• **THE TASK**: The output must start at the line containing "Скриншот 3 к" in the records below and stop at the last line, matching each line exactly and leaving out every picture.
• • •
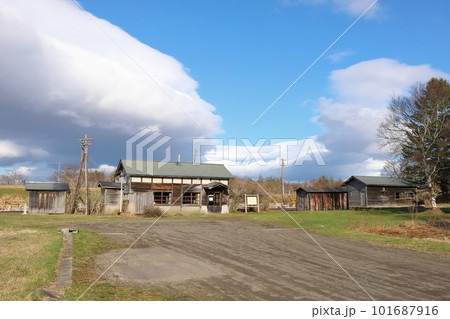 北海道　別海　旧標津線奥行臼駅 101687916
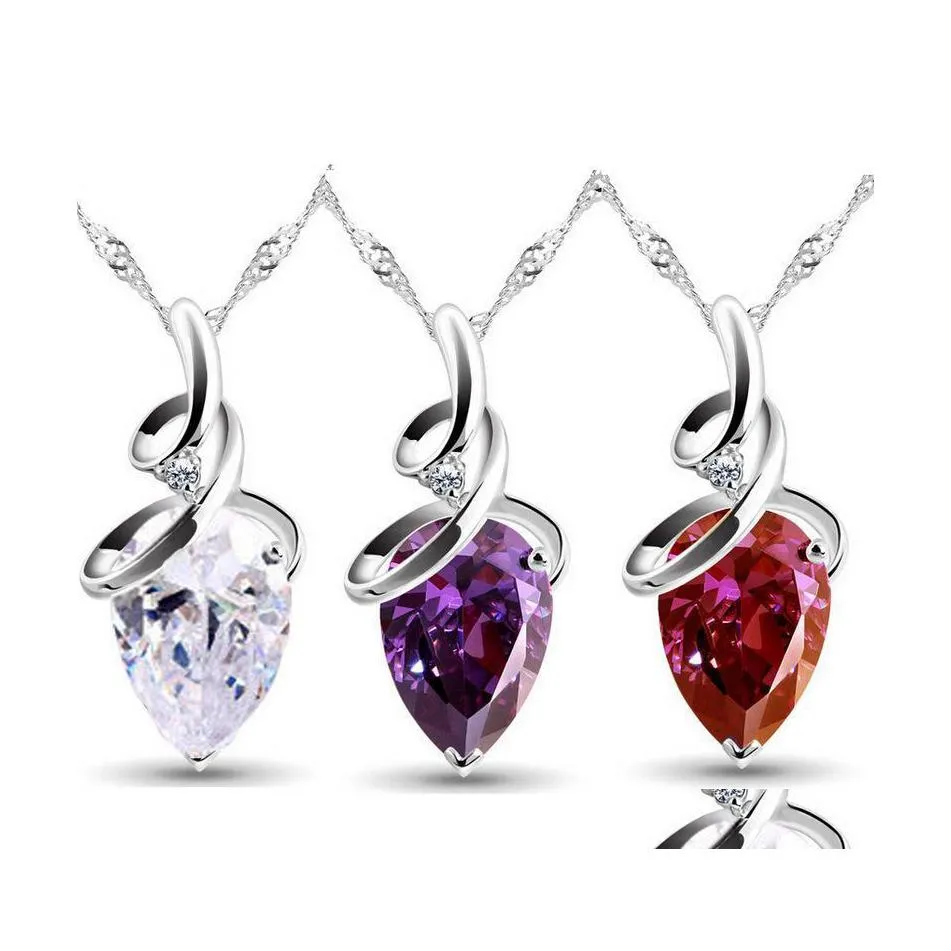 H￤nghalsband ganska kristallhalsband strass f￶r kvinnor smycken uttalande bijouterie g￥va sk￶nhet hjewelry drop leverans penda dhjfa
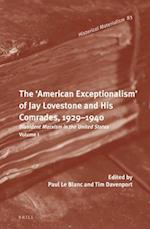 The 'American Exceptionalism' of Jay Lovestone and His Comrades, 1929-1940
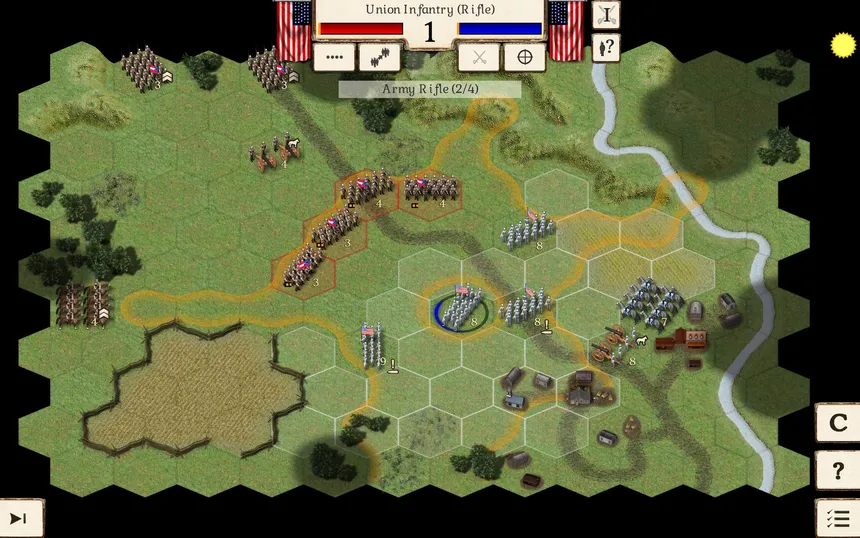 Скриншот 3 к игре Great Battles of the American Civil War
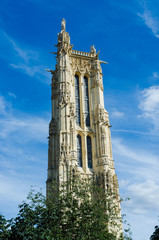 Wall Mural - Tower of tour Saint Jacques in Paris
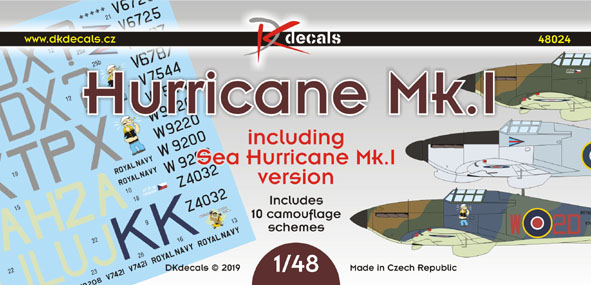 1/48 Hurricane Mk.I/Sea Hurricane Mk.I (10x camo)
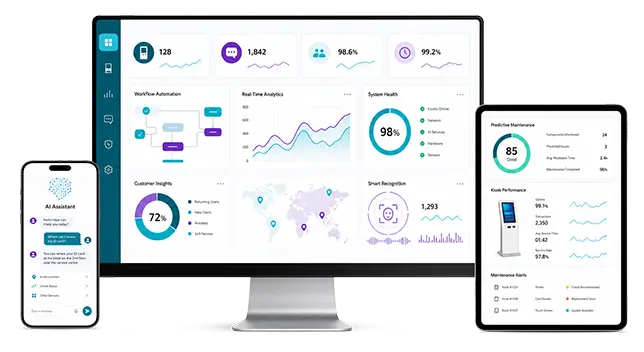 How AI Is Revolutionizing Kiosk Experiences AI-powered self-service kiosk enhancing customer experience through intelligent automation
• • •
• **ANSWER TO THIS TASK**:
 Скриншот 3 к игре Great Battles of the American Civil War
 Wall Mural - Tower of tour Saint Jacques in Paris
 1/48 Hurricane Mk.I/Sea Hurricane Mk.I (10x camo)
 How AI Is Revolutionizing Kiosk Experiences AI-powered self-service kiosk enhancing customer experience through intelligent automation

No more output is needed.